- I married my college sweetheart and we divorced two years later.
- I was left wary of marriage and said I’d only get married if I had kids. Then, I met Craig.
- We knew we wanted to be together, and years after having two kids, decided to get married.
My first marriage imploded two years in. Looking back decades later, I realize that I just wasn’t ready. I married my college love at 25. We were together for six years before we got married. Two years later, our marriage was over.
I met Craig in December 2002. I was separated at the time, and I wasn’t looking for another relationship. Of course, life doesn’t always hand us things when we’re ready for them. Before our first date, I asked the grandmother who raised me what she thought.
“I think you should go,” she said. The break-up of my marriage — something she thought would last forever — hadn’t been easy for her or my grandfather. They loved my ex and had paid for my fairytale wedding. Getting the OK from Gram mattered to me.

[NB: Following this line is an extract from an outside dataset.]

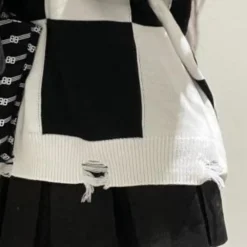 Truien & Vesten Dames*Hulde - Stijl geruite lange zomerse trui voor dames Zwart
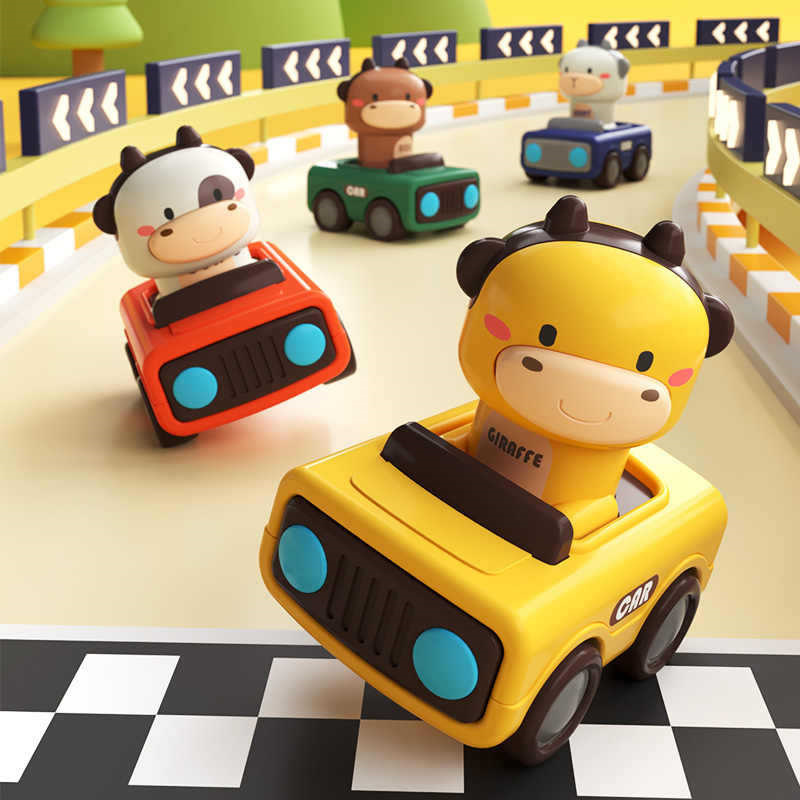 Kids Toys 2 Year Old - Animal Push and Go Car Toy,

We were always together after our first date
Our first date started at the bar where we met. Craig was a bouncer and DJ there. He ordered a drink. I ordered a shot. We both wore gray tweed coats. A few weeks later, we’d find out we had matching red puffy coats. It seemed fated. He would also tell me he felt time stopped when he saw me for the first time, and he knew then that I was the one.
I assumed it was a line, but a few months into our relationship, one of his female roommates relayed the same story. The night we met, he took my number down on a piece of paper he’d torn from one of the bar’s cash registers. He still has it in his wallet 22 years later.
After our first date, we were always together. We just knew. Craig’s humor matched mine. He wanted to write comedy for television, and I wanted to be a director. We planned to move to Los Angeles with a brief pit stop in Maine, where he grew up. We would use our time there to save money. After moving in with his parents, I got pregnant.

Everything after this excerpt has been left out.